There was one brief period in which Maniscalco–the son of a dress presser and a seamstress– was able to enroll in daytime classes, but circumstances then forced him to decline a coveted aeronautics fellowship. Despite the challenges, Maniscalco excelled academically and was invited to join Tau Beta Pi, the second-oldest academic honor society in the nation and the only one representing the entire engineering profession. He was in attendance in 2019, when the Tau Beta Pi Bent (the trestle-shaped symbol of the society) from the former Heights campus was rededicated behind Rogers Hall, and was thrilled to see his former professor Richard Thorsen there. “He taught me thermodynamics when I was in night school, and then, when I was attending during the day, he oversaw my senior design course,” Maniscalco recalled. “He didn’t seem to have changed at all since the 1960s, so I recognized him right away. He said he recognized me as well, but I admit that I’ve changed some in five decades.”

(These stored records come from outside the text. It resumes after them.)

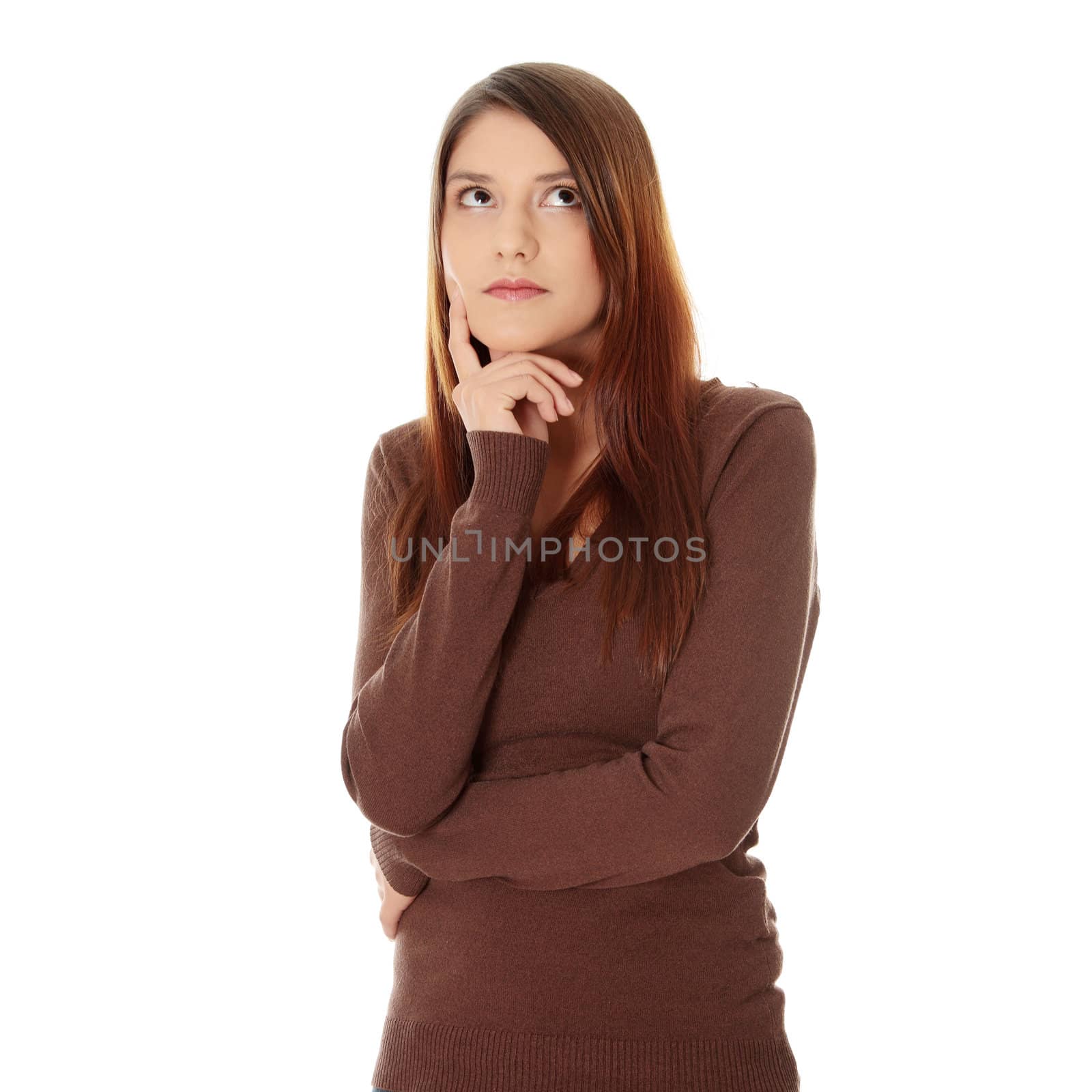 Thoughtful young woman, isolated over a white background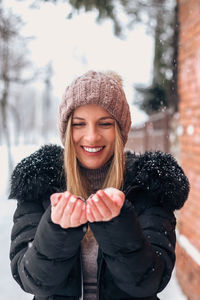 Portrait of smiling young woman in snow during winter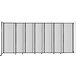 A clear Poly Versare StraightWall wall-mounted room divider.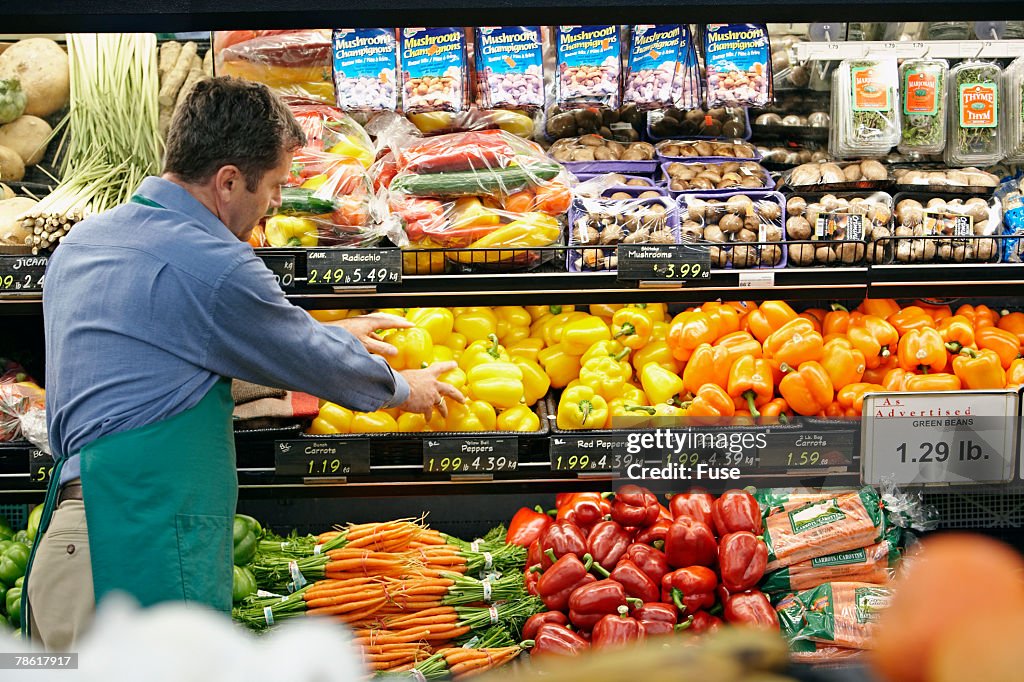 Grocer Stocking Bell Peppers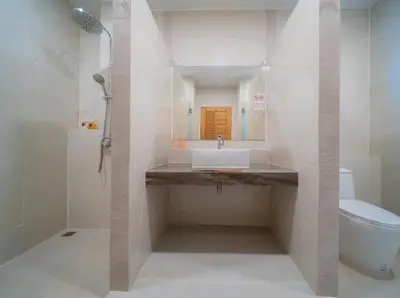 a white bathroom with a sink and a toilet at Elegant 4BR Villa with Pool2 in Ban Bang La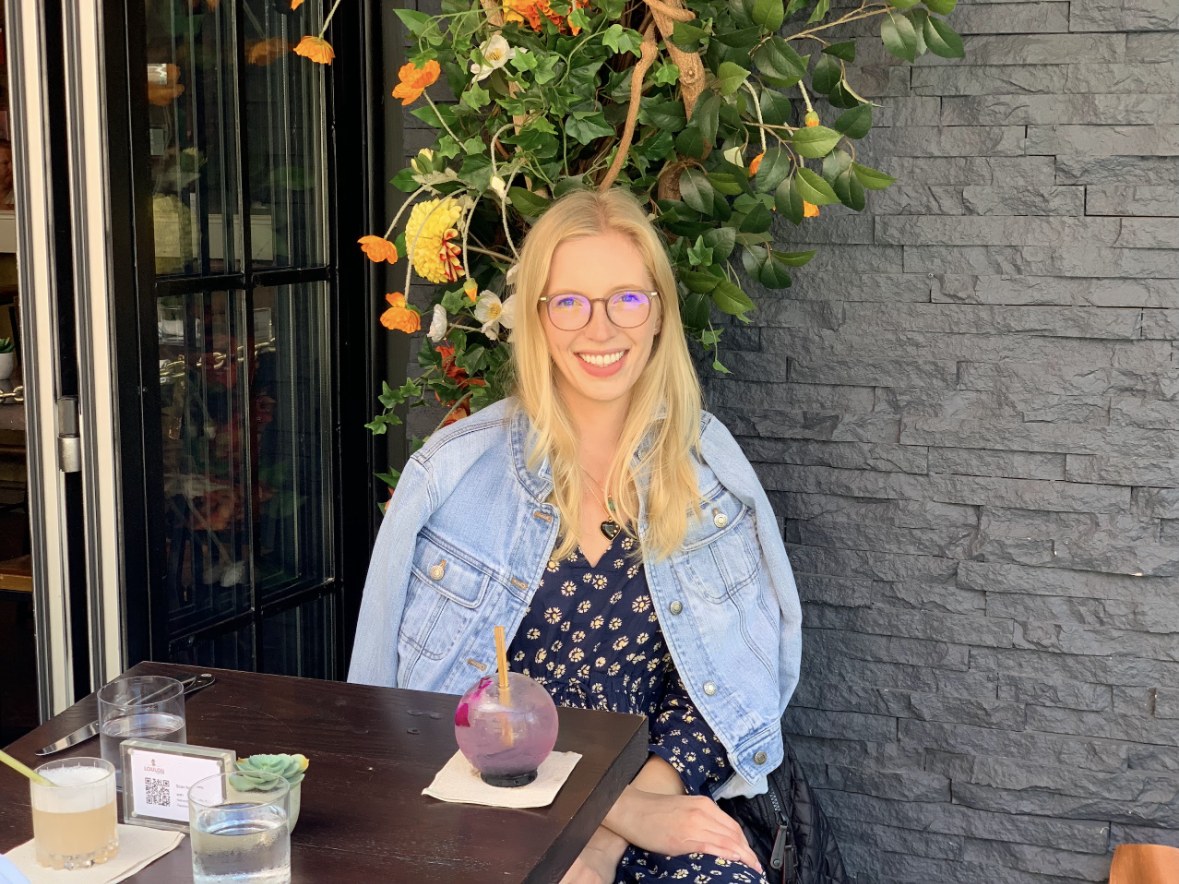 Kelsey at brunch, cocktail on the table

Mechanical engineering was a natural fit for Maniscalco, who had exhibited a talent for building things from an early age. “When I was about eight, I spent weekends helping my grandfather build our family’s summer house on Long Island,’ he explained. “Not only is it still standing but the wall that runs along the back still has th e inscription my brother and I carved into it: ‘Tom and Pete, November 23, 1948.” He parlayed that talent, along with his NYU education, into a long career that included stints at the Bendix Corporation, where he worked on calibrating test equipment for the Saturn V rocket and once met famed scientist Wernher von Braun; and Kearfott Guidance & Navigation, where he worked as a senior design and development engineer and had a hand in the guidance systems used in the Space Shuttle program.
Maniscalco retired from the U.S. Department of Defense in 2019, after almost three decades there and a previous three decades in private industry. He delayed, he says, for fear that he would be bored but that has not proven to be a problem. He serves as a volunteer tutor at the New Jersey Institute of Technology, where he studied at night to earn both his master’s degree and his DEN, the equivalent of a Ph.D., after finishing at NYU, and is now taking a course in applied mathematics at Rutgers, close to his home. “I’m proof that even at 82, you’re not too old to learn new things,” he says.
It’s also never too late to show your violet pride, he has found. While he had never ordered a class ring during those challenging years of young adulthood and getting an education, he often admired his friends’ college rings and decided to pursue getting one. With the help of Valerie Cabral, Tandon’s Director of Alumni Relations, he found a vendor and now proudly wears the amethyst piece emblazoned with his honor society’s Greek letters. “NYU will always be special to me,” he says, “so I’m very happy to have this now, after a 55-year wait.”